EXERCISE BRIEF —
Starting at the line that contains "Hotel Ibis Centre Stopera 3*", return every line through the end of the data exactly, without pictures.

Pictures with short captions
================================
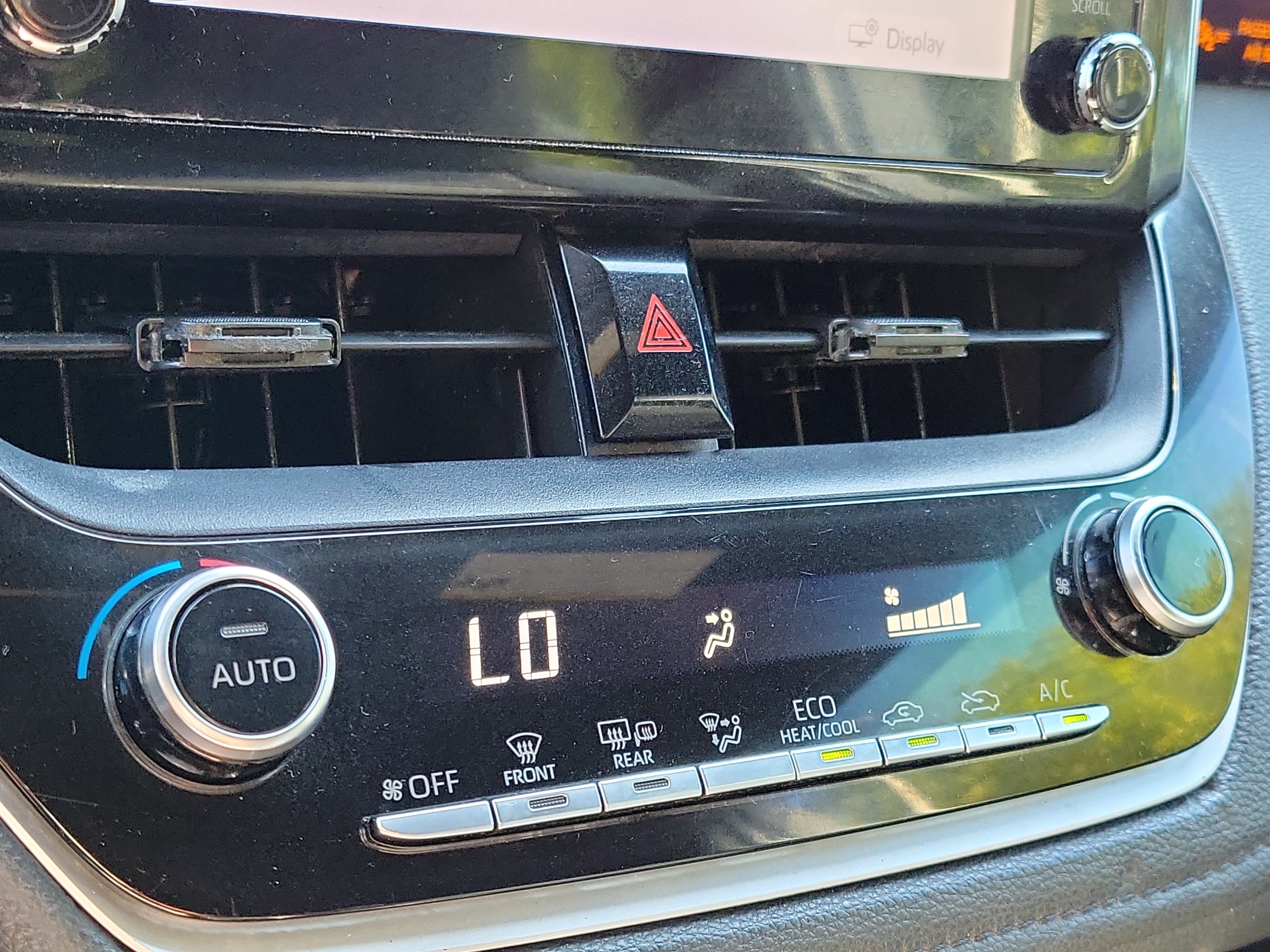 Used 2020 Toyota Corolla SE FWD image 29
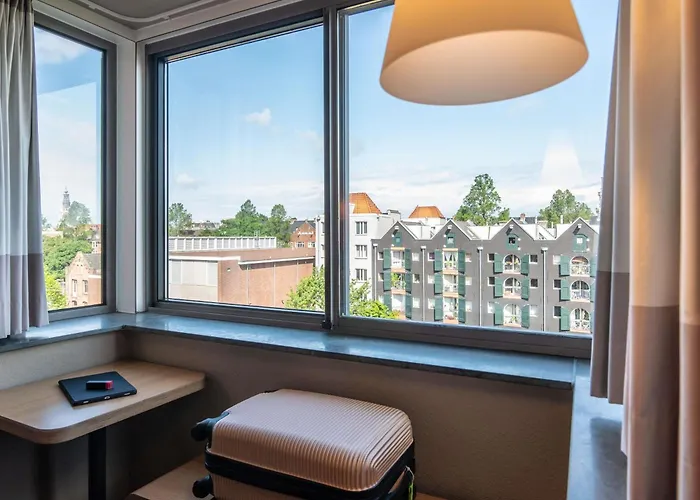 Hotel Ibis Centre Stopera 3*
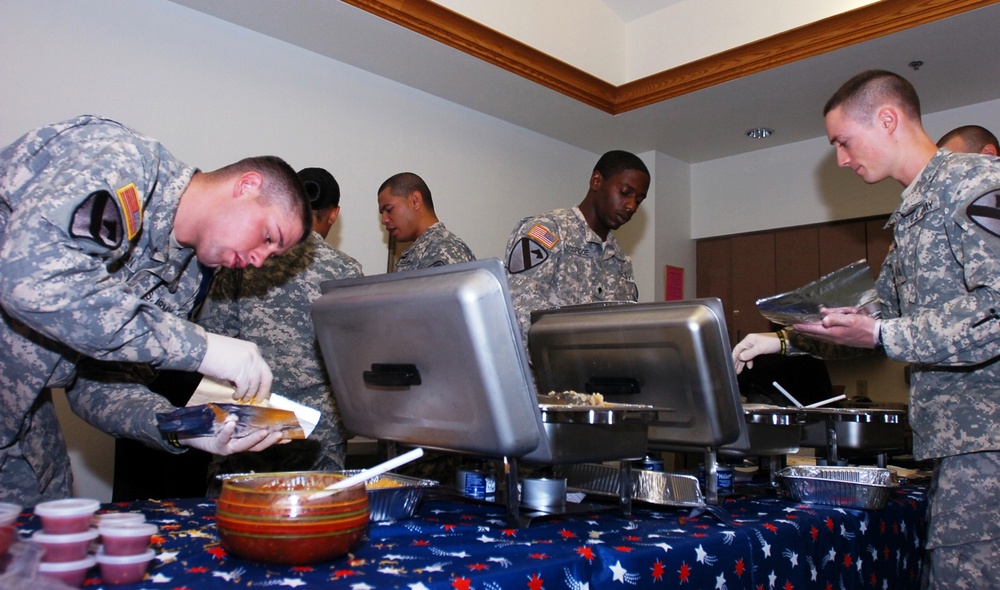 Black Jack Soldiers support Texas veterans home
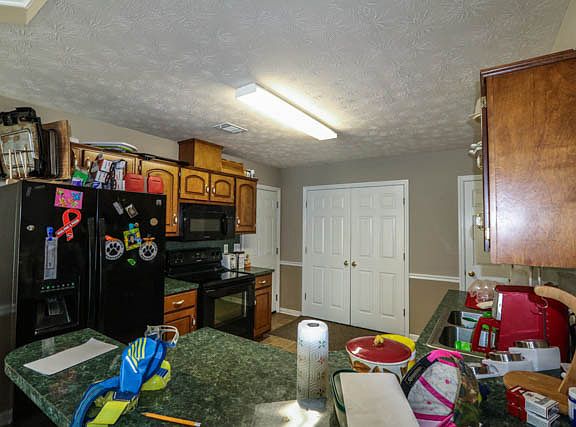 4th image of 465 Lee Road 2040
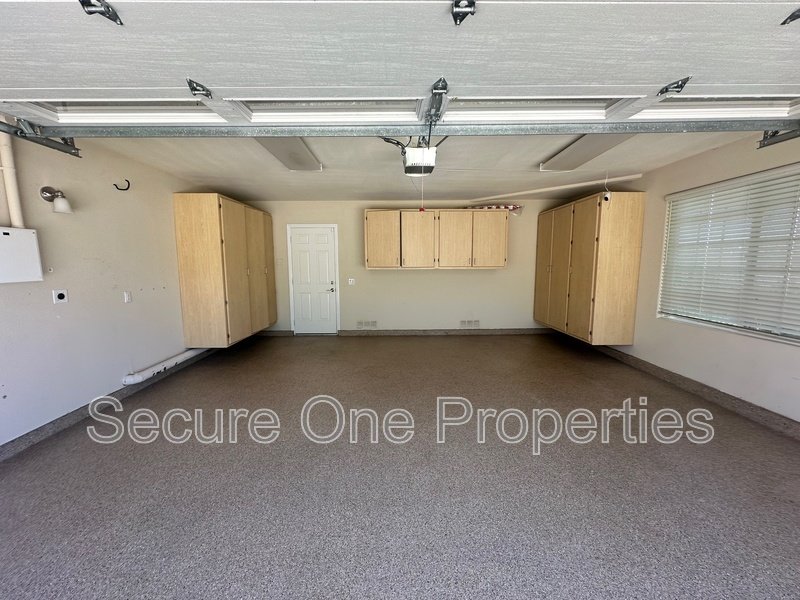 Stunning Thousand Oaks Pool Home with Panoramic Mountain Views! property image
================================
SOLUTION TO THIS EXERCISE —
 Hotel Ibis Centre Stopera 3*
 Black Jack Soldiers support Texas veterans home
 4th image of 465 Lee Road 2040
 Stunning Thousand Oaks Pool Home with Panoramic Mountain Views! property image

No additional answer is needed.